Gather all lines in the entries that include the word "Dining".

* **Data to examine**:

---

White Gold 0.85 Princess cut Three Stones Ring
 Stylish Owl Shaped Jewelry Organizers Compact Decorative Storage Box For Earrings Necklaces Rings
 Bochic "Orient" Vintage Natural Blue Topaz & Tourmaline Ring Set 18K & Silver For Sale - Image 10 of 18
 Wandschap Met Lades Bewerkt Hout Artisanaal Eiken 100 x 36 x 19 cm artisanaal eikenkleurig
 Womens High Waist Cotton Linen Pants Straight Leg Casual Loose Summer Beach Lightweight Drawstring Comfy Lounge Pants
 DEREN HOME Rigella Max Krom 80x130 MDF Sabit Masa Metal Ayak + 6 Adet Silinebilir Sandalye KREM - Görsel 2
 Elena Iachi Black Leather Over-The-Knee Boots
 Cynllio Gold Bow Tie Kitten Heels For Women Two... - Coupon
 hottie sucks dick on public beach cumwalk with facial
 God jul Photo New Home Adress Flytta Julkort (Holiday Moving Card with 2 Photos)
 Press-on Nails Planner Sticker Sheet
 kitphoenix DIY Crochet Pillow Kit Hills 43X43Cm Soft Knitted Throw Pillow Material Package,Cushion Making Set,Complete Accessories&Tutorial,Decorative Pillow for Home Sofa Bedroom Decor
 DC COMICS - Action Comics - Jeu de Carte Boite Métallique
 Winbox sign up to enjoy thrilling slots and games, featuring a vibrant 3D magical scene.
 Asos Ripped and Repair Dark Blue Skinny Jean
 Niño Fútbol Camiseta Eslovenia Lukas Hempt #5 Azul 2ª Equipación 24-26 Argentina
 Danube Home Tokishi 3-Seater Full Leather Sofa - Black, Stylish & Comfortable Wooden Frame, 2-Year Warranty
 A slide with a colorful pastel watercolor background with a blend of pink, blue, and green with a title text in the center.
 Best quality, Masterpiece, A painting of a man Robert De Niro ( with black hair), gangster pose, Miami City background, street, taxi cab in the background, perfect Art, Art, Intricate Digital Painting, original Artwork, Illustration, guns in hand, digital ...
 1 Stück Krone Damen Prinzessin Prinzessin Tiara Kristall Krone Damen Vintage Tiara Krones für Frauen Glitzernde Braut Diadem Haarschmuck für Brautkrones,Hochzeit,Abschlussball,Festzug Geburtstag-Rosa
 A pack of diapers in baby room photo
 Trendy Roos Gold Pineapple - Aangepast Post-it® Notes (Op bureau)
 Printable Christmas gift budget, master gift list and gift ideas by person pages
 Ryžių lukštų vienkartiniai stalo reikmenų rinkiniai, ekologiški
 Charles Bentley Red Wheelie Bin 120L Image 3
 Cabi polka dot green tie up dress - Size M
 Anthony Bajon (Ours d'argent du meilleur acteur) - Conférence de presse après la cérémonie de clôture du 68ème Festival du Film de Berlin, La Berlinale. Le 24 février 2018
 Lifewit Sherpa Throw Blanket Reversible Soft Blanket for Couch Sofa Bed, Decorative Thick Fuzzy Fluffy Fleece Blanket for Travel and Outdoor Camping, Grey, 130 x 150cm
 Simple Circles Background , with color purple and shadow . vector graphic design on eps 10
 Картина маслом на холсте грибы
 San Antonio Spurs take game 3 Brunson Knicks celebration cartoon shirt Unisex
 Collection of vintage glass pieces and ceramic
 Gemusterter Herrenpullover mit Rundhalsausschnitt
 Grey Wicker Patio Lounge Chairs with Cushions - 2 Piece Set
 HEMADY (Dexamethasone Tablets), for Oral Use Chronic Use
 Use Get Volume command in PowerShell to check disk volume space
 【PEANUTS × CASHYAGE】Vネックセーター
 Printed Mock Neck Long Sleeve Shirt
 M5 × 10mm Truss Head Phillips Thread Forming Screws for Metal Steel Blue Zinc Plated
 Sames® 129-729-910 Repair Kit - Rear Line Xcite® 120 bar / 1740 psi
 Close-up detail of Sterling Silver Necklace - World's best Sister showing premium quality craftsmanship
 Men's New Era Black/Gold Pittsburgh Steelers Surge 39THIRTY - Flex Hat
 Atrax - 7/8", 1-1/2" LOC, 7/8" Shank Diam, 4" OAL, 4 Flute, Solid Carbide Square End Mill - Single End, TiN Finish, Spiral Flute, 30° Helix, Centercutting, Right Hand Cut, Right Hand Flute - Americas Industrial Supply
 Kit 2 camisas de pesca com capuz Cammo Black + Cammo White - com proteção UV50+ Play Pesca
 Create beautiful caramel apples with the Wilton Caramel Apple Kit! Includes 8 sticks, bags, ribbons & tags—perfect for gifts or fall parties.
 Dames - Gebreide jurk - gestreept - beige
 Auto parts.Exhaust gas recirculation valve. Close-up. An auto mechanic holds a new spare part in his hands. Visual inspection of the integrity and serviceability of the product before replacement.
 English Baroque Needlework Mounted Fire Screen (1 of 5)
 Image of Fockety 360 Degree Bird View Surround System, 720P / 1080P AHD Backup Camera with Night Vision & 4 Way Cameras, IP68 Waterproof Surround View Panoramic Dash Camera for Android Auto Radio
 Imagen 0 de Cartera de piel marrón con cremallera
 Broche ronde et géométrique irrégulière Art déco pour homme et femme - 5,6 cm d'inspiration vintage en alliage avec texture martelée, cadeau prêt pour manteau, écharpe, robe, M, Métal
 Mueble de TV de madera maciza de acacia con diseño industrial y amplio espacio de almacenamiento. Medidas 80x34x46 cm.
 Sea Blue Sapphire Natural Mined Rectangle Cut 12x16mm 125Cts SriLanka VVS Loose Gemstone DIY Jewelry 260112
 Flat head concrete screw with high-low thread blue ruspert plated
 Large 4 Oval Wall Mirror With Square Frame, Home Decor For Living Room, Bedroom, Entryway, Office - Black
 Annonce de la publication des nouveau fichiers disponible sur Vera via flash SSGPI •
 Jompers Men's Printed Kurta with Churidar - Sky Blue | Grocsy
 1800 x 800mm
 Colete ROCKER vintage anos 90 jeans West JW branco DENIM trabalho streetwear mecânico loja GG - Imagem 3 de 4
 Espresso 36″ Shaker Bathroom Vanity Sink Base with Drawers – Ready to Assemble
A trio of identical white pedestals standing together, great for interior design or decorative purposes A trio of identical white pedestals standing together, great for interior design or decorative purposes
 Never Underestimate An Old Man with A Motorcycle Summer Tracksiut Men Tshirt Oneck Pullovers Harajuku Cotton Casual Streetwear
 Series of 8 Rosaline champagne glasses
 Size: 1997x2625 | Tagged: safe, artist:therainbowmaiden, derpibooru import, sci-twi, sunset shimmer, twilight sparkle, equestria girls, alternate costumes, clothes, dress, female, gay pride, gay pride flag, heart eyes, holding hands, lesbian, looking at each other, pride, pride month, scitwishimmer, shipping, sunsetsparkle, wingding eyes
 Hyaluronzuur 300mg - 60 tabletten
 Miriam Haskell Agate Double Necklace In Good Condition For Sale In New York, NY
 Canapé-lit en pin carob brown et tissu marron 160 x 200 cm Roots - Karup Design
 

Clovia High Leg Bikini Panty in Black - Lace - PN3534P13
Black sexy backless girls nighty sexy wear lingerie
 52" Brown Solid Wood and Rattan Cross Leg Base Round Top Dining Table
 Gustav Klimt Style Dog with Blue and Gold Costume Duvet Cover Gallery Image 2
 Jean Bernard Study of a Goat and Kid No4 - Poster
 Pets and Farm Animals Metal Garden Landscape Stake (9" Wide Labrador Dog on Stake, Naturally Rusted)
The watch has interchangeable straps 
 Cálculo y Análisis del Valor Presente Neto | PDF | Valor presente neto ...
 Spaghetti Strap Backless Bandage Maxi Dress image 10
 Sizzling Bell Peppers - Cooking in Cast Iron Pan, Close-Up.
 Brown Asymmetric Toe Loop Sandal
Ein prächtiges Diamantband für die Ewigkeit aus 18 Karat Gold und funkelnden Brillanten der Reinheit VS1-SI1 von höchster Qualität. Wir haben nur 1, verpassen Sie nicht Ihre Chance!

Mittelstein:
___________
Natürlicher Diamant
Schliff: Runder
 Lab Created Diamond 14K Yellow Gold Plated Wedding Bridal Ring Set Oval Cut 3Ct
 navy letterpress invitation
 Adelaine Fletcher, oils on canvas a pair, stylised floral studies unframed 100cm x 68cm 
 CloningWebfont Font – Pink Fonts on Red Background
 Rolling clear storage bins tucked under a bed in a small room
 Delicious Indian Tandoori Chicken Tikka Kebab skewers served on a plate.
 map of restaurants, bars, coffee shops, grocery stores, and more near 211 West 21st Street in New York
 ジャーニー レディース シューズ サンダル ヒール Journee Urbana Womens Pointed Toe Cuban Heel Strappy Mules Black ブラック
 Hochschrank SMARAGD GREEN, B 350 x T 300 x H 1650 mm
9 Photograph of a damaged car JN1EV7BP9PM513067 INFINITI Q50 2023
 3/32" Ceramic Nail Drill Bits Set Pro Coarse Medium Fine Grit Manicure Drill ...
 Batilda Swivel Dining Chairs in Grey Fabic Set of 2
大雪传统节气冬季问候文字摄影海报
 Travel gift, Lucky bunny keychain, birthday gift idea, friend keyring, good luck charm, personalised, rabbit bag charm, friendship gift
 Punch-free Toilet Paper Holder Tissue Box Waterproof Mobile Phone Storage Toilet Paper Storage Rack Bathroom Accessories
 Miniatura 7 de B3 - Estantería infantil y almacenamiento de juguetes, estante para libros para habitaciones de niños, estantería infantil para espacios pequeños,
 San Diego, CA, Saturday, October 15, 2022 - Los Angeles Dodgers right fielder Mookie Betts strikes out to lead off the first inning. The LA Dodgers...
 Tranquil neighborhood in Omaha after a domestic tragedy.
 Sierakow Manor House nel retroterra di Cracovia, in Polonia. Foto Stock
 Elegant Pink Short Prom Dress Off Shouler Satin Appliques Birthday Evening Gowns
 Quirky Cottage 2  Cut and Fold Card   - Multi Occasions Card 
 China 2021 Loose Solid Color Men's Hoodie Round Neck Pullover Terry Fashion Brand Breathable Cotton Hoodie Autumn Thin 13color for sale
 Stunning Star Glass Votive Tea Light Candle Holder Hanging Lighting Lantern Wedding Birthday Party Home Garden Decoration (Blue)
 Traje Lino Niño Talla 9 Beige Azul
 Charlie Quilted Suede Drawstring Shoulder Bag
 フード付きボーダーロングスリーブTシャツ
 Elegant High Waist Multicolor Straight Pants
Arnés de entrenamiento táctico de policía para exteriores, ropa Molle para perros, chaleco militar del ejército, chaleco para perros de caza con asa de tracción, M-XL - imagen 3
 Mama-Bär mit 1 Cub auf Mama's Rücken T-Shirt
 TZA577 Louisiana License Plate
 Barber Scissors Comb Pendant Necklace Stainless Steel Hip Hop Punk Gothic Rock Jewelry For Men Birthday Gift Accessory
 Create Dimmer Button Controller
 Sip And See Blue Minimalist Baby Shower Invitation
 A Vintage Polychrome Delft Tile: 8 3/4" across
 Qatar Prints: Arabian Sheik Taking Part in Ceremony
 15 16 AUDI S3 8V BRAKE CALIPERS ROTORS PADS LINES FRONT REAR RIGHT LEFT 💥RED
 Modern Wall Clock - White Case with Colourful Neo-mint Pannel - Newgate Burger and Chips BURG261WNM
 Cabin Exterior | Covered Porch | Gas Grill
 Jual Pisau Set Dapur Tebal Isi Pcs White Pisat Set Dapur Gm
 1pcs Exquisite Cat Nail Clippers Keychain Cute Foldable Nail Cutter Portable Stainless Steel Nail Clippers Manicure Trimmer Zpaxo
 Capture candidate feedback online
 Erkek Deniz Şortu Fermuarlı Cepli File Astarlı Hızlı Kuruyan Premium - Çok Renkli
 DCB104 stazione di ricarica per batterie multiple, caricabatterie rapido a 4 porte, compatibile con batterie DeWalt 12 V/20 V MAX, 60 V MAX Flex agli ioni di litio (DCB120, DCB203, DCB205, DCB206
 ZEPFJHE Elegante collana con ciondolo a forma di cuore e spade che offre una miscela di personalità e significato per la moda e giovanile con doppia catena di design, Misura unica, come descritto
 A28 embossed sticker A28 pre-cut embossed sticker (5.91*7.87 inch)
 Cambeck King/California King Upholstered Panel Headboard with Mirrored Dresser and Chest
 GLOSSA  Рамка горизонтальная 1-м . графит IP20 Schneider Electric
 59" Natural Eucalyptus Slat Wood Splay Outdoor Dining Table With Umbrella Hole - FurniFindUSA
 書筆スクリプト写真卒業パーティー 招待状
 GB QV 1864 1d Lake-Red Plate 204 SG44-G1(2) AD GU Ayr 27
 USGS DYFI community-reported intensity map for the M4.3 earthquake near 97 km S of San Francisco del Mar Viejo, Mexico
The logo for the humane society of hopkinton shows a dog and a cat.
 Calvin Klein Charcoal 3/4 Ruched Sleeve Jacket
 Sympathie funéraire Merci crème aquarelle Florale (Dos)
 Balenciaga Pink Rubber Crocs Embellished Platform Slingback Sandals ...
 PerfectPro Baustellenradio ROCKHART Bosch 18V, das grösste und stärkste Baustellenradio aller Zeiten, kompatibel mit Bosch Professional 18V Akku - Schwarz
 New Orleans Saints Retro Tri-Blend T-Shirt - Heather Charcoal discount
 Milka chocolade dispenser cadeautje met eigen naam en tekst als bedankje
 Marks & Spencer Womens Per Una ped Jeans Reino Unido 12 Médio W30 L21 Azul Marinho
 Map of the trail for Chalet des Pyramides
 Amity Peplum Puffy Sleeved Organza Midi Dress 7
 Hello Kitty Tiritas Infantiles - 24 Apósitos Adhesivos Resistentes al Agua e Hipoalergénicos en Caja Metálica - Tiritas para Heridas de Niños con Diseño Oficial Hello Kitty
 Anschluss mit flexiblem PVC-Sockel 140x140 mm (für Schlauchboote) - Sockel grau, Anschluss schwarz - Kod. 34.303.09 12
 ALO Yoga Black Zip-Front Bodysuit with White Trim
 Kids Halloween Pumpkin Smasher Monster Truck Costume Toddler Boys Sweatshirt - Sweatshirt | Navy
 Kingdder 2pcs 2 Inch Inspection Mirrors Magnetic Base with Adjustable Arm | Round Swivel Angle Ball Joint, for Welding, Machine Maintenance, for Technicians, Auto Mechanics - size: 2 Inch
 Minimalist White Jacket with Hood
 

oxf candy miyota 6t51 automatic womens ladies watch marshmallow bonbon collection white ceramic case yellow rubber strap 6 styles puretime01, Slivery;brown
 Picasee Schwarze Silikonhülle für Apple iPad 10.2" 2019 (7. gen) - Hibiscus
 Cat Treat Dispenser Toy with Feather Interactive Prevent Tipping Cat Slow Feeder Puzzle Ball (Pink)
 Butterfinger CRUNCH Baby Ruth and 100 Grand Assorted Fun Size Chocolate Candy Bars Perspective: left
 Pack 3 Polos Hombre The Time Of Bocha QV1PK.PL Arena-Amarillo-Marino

---

* **Solution to the problem**:
 52" Brown Solid Wood and Rattan Cross Leg Base Round Top Dining Table
 Batilda Swivel Dining Chairs in Grey Fabic Set of 2
 59" Natural Eucalyptus Slat Wood Splay Outdoor Dining Table With Umbrella Hole - FurniFindUSA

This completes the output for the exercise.